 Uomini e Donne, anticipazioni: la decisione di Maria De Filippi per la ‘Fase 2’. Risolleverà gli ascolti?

++++++++++

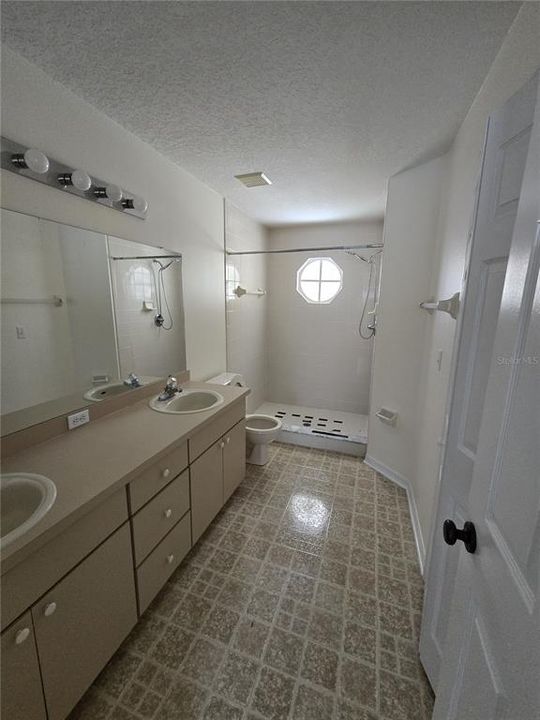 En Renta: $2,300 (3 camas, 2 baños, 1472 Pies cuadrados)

++++++++++

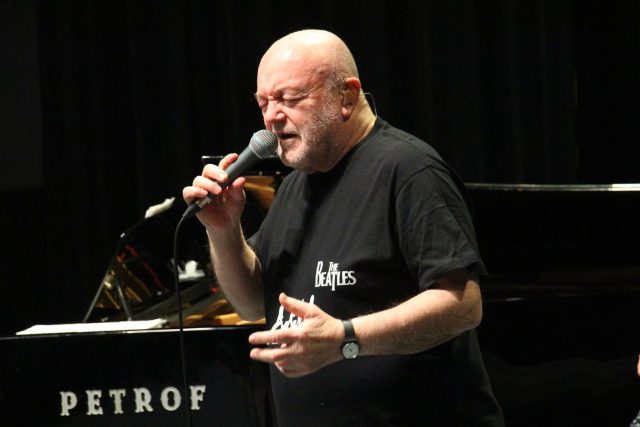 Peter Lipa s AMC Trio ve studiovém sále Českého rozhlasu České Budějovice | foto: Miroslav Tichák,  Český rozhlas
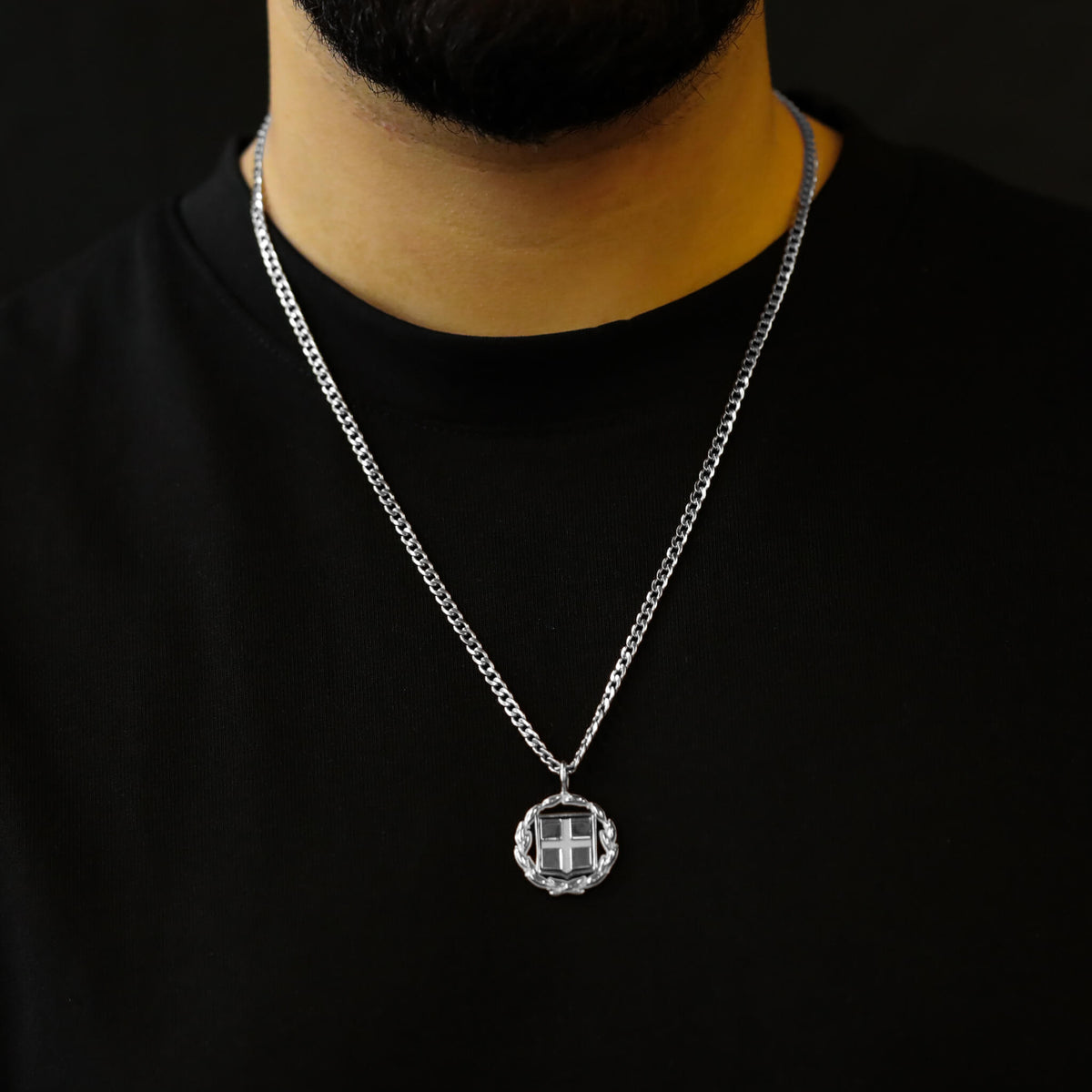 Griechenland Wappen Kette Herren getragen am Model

++++++++++

■ YOUR INSTRUCTIONS ■
Find the line with "Peter Lipa s" and the line with "Griechenland Wappen Kette" in the records above. Copy both and all lines between them exactly, without pictures.

■ REPLY ■
 Peter Lipa s AMC Trio ve studiovém sále Českého rozhlasu České Budějovice | foto: Miroslav Tichák,  Český rozhlas
 Griechenland Wappen Kette Herren getragen am Model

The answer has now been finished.